SERANG, RADARBANTEN.CO.ID – Pihak pengembang yang melakukan revitalisasi wisata Gunung Pinang yakni PT Tampomas Putraco mengaku siap menghentikan seluruh aktivitas revitalisasi wisata Gunung Pinang di Desa Pejaten, Kecamatan Kramatwatu, Kabupaten Serang.
Hal tersebut disampaikan oleh Direktur PT Tampomas Putraco, Dudung Permana usai menemui masa aksi di kantor Perum Perhutani BKPH Serang, pada Rabu 30 April 2025. Mereka bahkan siap untuk melakukan reboisasi terhadap lahan-lahan yang sudah dilakukan perataan dan digarap.
Dudung mengatakan, pihaknya sebelumnya telah memiliki rencana dan mendapatkan izin dari Perhutani untuk melakukan revitalisasi terhadap objek wisata yang berada di Gunung Pinang.
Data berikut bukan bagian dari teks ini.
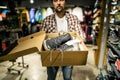 Store clerk helping customer try hiking boots at outdoors equipment shop. Salesman demonstrating trekking and hiking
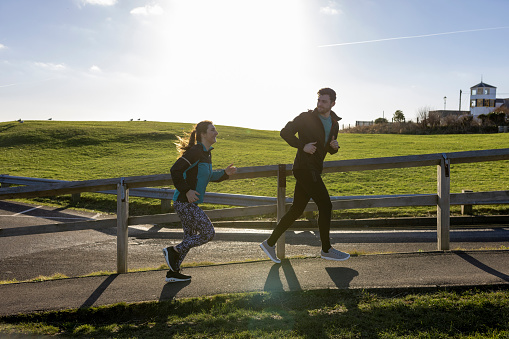 Wide shot of a couple outdoors on a run by the coast in the North East of England. They are completing their New Years resolution to be more active.
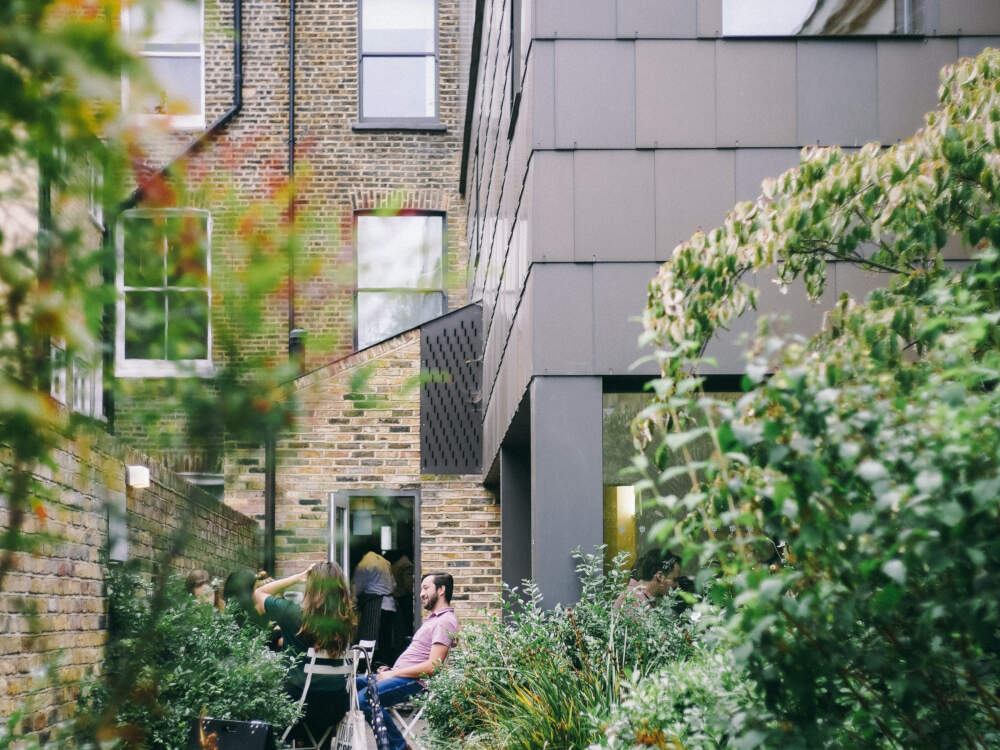 Modern sheet metal cladding contrasts against traditional brick-clad exterior walls in a transitional architectural design.
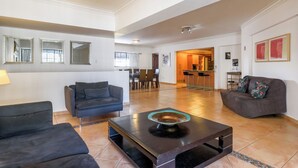 A spacious living room with a dark sofa, a coffee table, and a gray couch. There is a kitchen area in the background with wooden cabinets and a dining table.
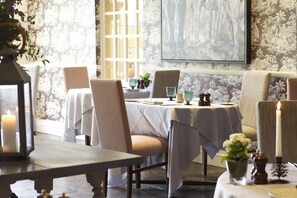 A dining area with tables set for two, chairs, and a large painting on the wall. - The Bay Tree (Burford)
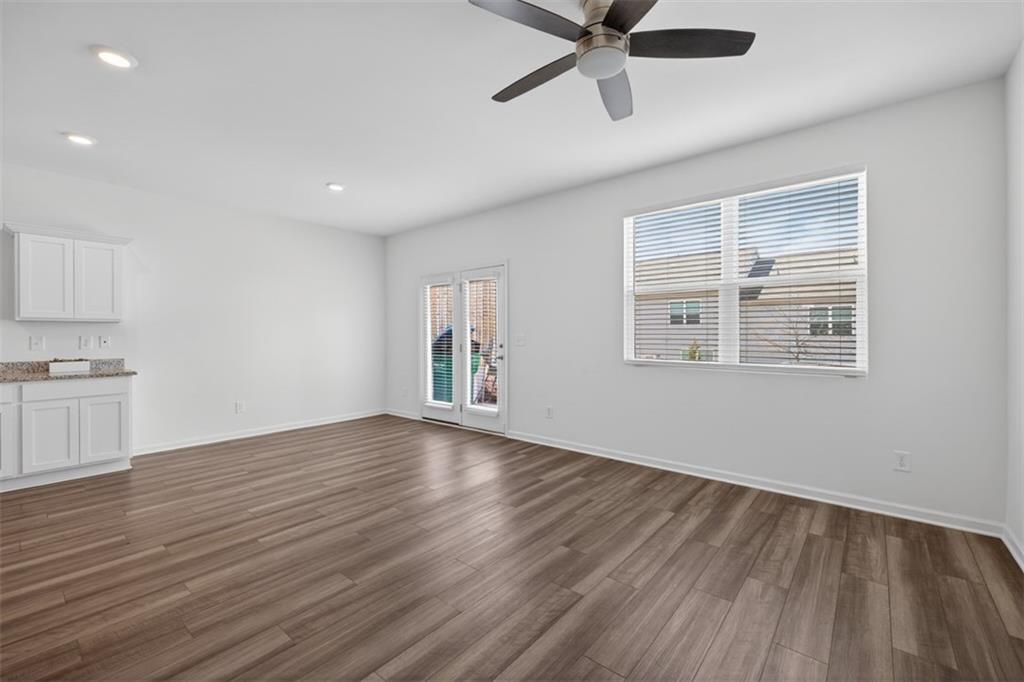 64 Thetford Way Winder, GA 30680 - Photo 5 of 41 a view of empty room with wooden floor and fan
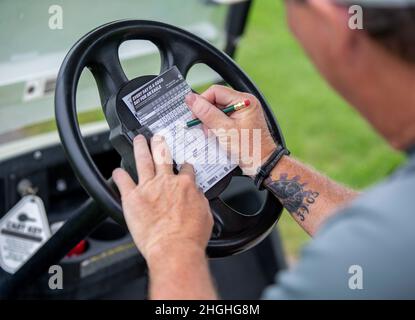 Steven Weber, 436° responsabile del supporto della forza Squadron Eagle Lanes, compila la sua scorecard durante una partita di golf intramurale al campo da golf Eagle Creek sulla base dell'aeronautica militare di dover, Delaware, 3 agosto 2021. Otto squadre di golf intramurali stanno concludendo la stagione normale e stanno preparando per i playoff nel mese di settembre. Foto Stock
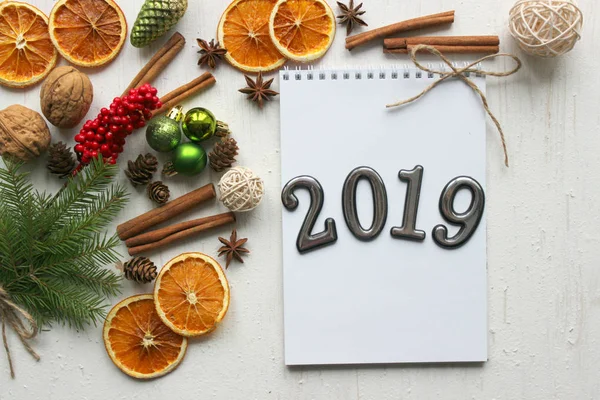 Noel kartı, çevrili Noel topları, çam dalları, tarçın, baharatlar, yakın çekim tarihi 2019 bir beyaz kağıt arka plan üzerinde kurutulmuş portakal, ahşap geyik. Kopya alanı.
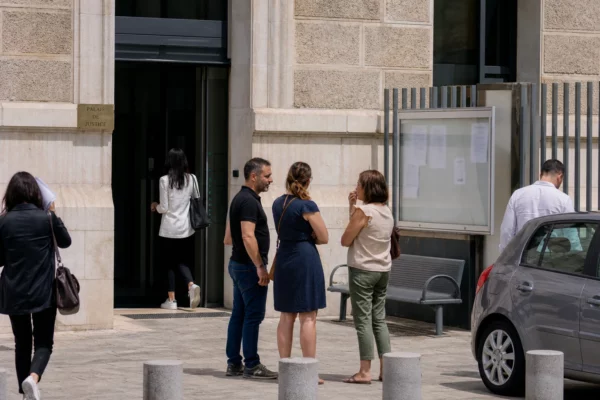 Cour calme devant un bâtiment de sécurité publique en France, avec des passants anonymes et une ambiance de reportage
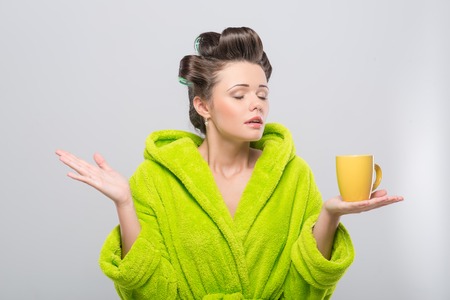 Half-length portrait of young pleasant housewife wearing curlers and green wrapper holding yellow cup of tea and relaxing  Isolated on grey backgroundの写真素材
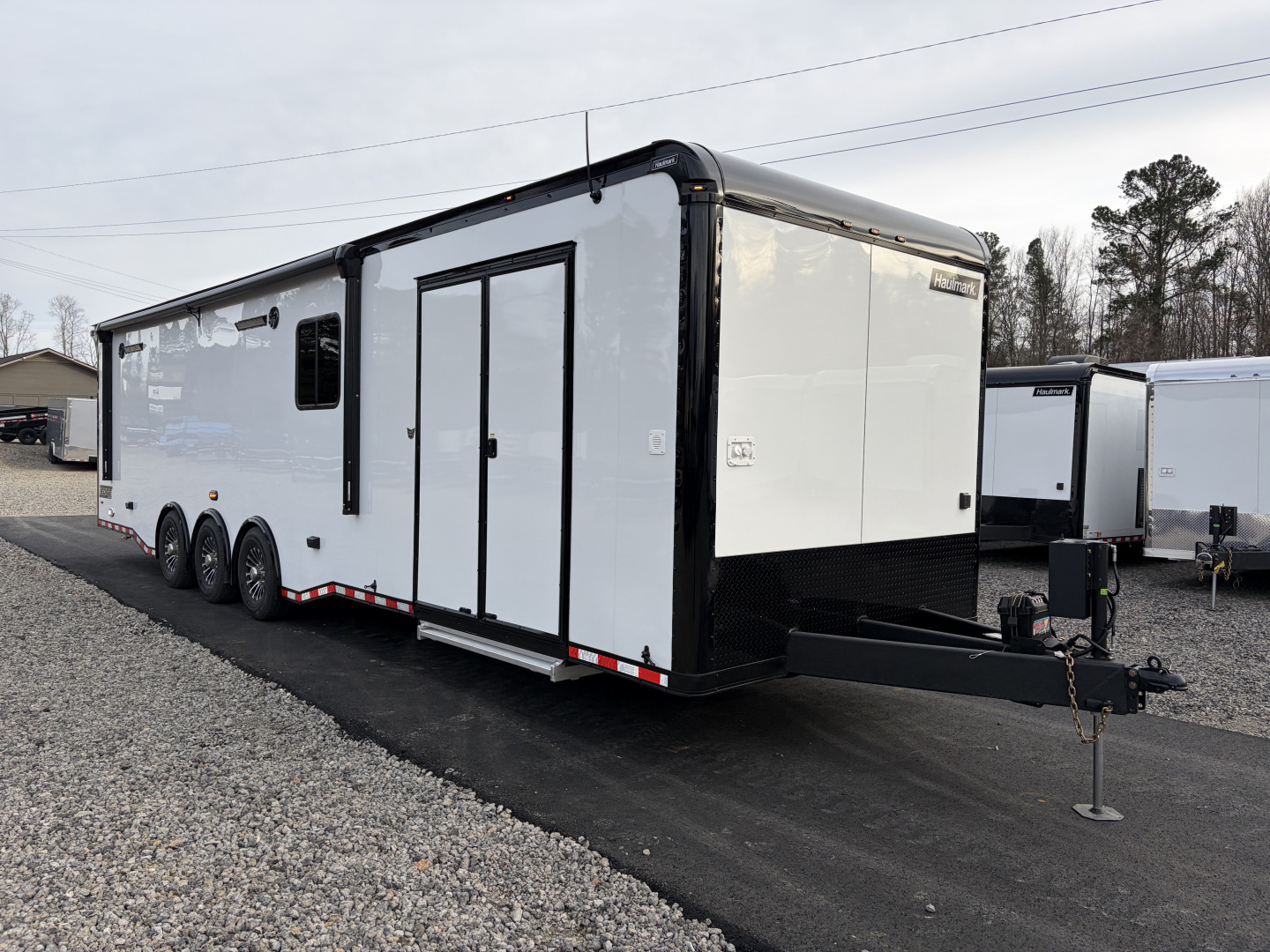 New 2026 Haulmark 34 Bathroom Race Trailer, Air Prep PKG, Awning, Polycor, Insulated, Window, 54" ALX Slide Out Step, A/C + Heat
Bahkan, pihaknya telah melakukan penandatanganan Perjanjian Kerja Sama (PKS) dengan Perhutani untuk pengelolaan wisata Gunung Pinang.
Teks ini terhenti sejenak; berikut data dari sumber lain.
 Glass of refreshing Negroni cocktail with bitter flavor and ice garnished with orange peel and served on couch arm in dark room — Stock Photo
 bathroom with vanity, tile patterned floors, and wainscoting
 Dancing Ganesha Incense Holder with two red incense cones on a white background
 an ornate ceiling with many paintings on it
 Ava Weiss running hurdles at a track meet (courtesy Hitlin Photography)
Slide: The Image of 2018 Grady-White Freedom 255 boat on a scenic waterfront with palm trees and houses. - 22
“Jadi dari awal pengajuan, proposal dan lain sebagainya, kita tetap mengacu kepada arahan dan petunjuk dari Perhutani. Adapun di lapangan memang masyarakat menilai bahwa itu adalah penggundulan hutan dan sebagainya, sebenarnya itu adalah pembersihan akar-akar yang memang sudah selama 6 tahun ini tidak dioperasikan sehingga terkesan yang tadinya mungkin hijau jadi kelihatan gundul,” katanya, Rabu 30 April 2025.
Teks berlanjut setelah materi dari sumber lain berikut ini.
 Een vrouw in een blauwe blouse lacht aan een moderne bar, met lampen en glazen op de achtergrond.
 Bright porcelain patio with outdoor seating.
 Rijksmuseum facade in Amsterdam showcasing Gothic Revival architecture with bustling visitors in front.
Pihaknya mengakui, ada tahapan yang belum sempat ditempuh yakni sosialisasi kepada masyarakat mengenai rencana revitalisasi wisata Gunung Pinang sehingga akhirnya membuat kegaduhan di masyarakat. “Sehingga konsekuensi yang sekarang terjadi kegaduhan di masyarakat,” ujarnya.
Untuk itu, menyikapi desakan masyarakat yang menginginkan agar proyek tersebut distop, pihaknya pun mengaku siap untuk melakukan hal tersebut. Pihaknya akan menghentikan seluruh proses tersebut dan akan melakukan reboisasi terhadap lahan hang sudah digarap.
“Kami juga sudah sepakat yang baik antara pihak kami pengembang, kemudian dari pihak pemerintah desa, perhutani, tokoh masyarakat, kecamatan, dari Koramil dan dari Polsek kami sudah tanda tangan nota kesepakatan bahwa untuk pengembangan ini kami berhenti artinya tidak dilakukan,” ujarnya.
Ia mengaku untuk proses reboisasi, akan dilakukan sesegera mungkin setelah bibit tanaman yang dipesan sudah tiba. “Kami sudah menyiapkan reboisasi, mungkin besok ataupun lusa untuk bibit reboisasi tiba. Itu sudah direncanakan untuk penanaman kembali pohon-pohon,” tegasnya.
Ia mengatakan, semula akan menggarap lahan untukl revitalisasi gunung pinang seluar 5 hektare denga konsep sharing profit dengan Perhutani.
“Di PKS itu ada namanya fixed haring, kemudian namanya ada sharing profit. Nah, pick sharing ini kita sewa ke Perhutani yakni Rp5 juta per hektare. Kemudian untu profit sharing di tahun ini sebesar 25 persen ya dari pengunjung yang datang,” ujarnya.
Ia mengaku, proses penggarapan lahan sudah dilakukan sejak tanggal 12 bulan lalu dan menelan anggaran kurang lebih sebesar Rp180 miliar.